Un hombre que se engancha a los objetos de la casa para experimentar su virilidad perdida: ya lo avisó Spike Jonze en ‘Her’, donde el protagonista se colgaba de la voz de un sistema operativo de su ordenador -al estilo Siri, pero en sexy- porque su inadaptación le había mutilado la capacidad de generar afectos reales. La capacidad de enfrentarse a las mujeres de carne y hueso, complejísimas, incómodas, hirientes.

Todos esos hombres en descomposición son también el hombre que protagoniza la nueva novela de Fernando Aramburu (‘Los vencejos’, Tusquets), sólo que en esta historia el protagonista se aferra a una muñeca erótica, única amiga en verdad, única novia, única excusa silente para matar los días.

Aquí una disertación de setecientas páginas sobre la crisis macha, al estilo sórdido de Houellebecq -aunque dice Fernando que no ha leído “mucho a este señor”-, pero sin perder la ternura. Sin perder del todo la esperanza. Nuestro maltrecho héroe, Toni, un profesor de filosofía que anda rabioso con el mundo y que no sabe qué lugar ocupa en el planeta “tras la época post-patriarcal”, como puntualiza el autor, va a suicidarse. Lo hará dentro de un año, mientras destripa para sí mismo en una suerte de diario sus razones para mandar al carajo la vida aquí en la tierra.

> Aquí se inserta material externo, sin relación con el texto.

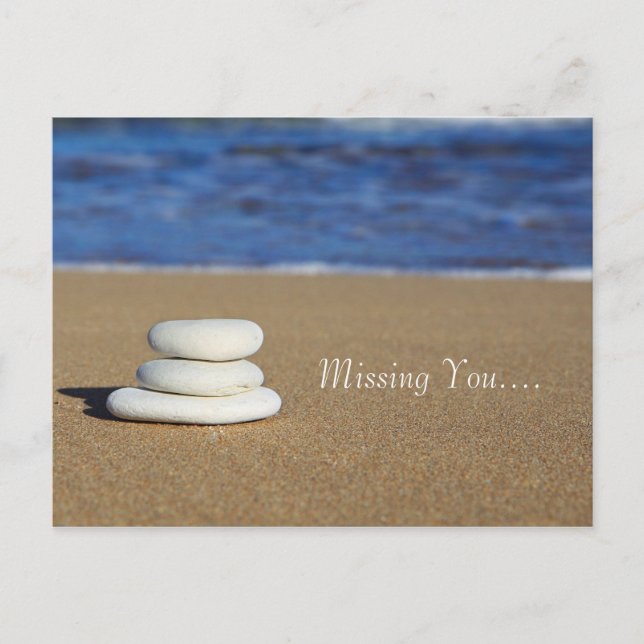 Cartão Postal Beach Rocks Misse You Postcard (Frente)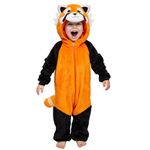 Spooktacular Creations Baby Unisex jumpsuit, Red Panda Toddler Hooded Jumpsuit Costume with a Tail, Zip-Up Hooded Sleepwear for Halloween Cosplay Costume,(3-4years)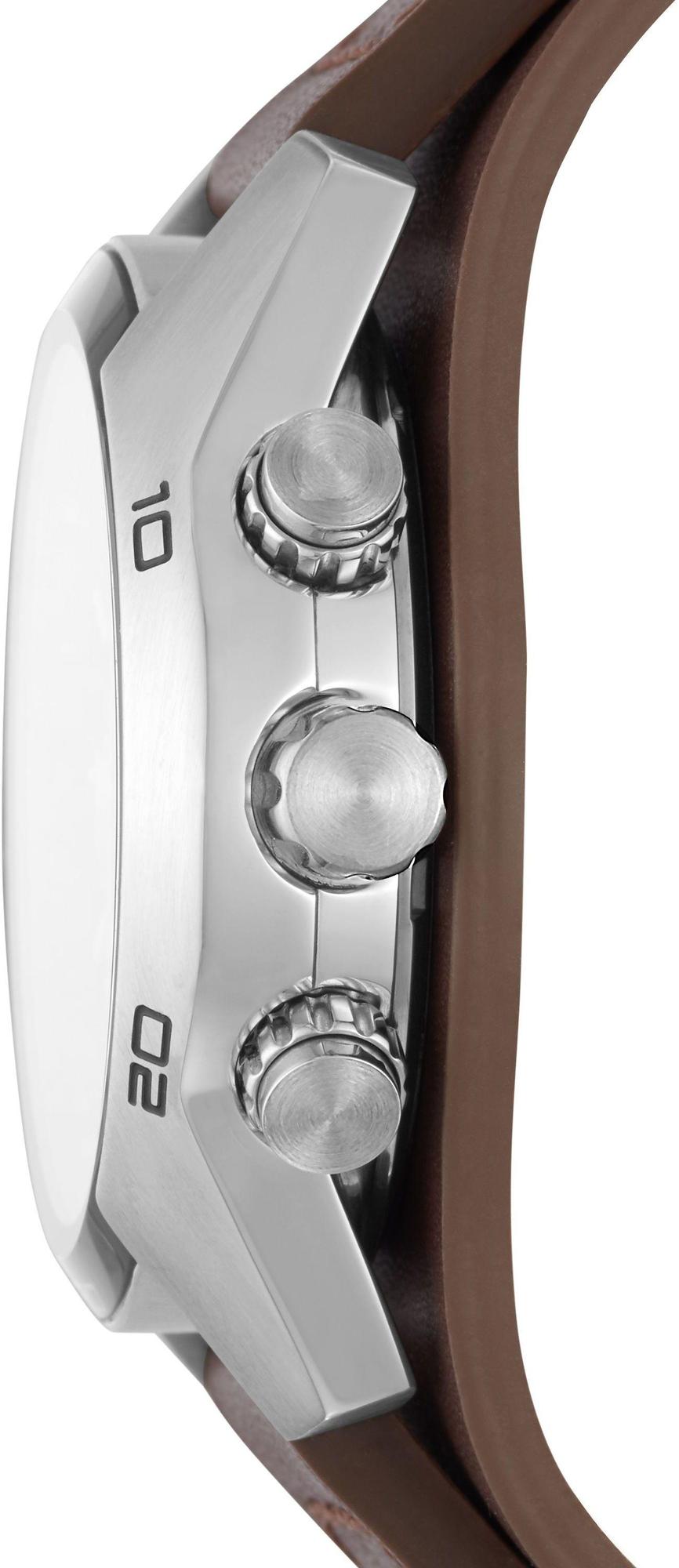 Fossil CH2565 COACHMAN Brown Leather Strap 44mm Sport klasyczny zegarek srebrny - miniatura 7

El maldito hijo, la maldita exmujer que se refiere a él como “pobre hombre”. El loco amigo Patachula. El padre que le obligó de niño a comerse un higadillo a pesar de sus náuseas: lo hizo bajándose la cremallera del pantalón y enseñándole el pene, gritándole que si quería tenerlo alguna vez así de grande, tenía que tragar con aquella víscera. La madre de la que recuerda el beso nocturno. Águeda, una novia que no ha dejado de quererle. Esta es una novela de intimidades, de descreimientos, de hundimientos, de remontadas. Una novela arriesgada, desagradable, descorazonada como sus escenas de sexo.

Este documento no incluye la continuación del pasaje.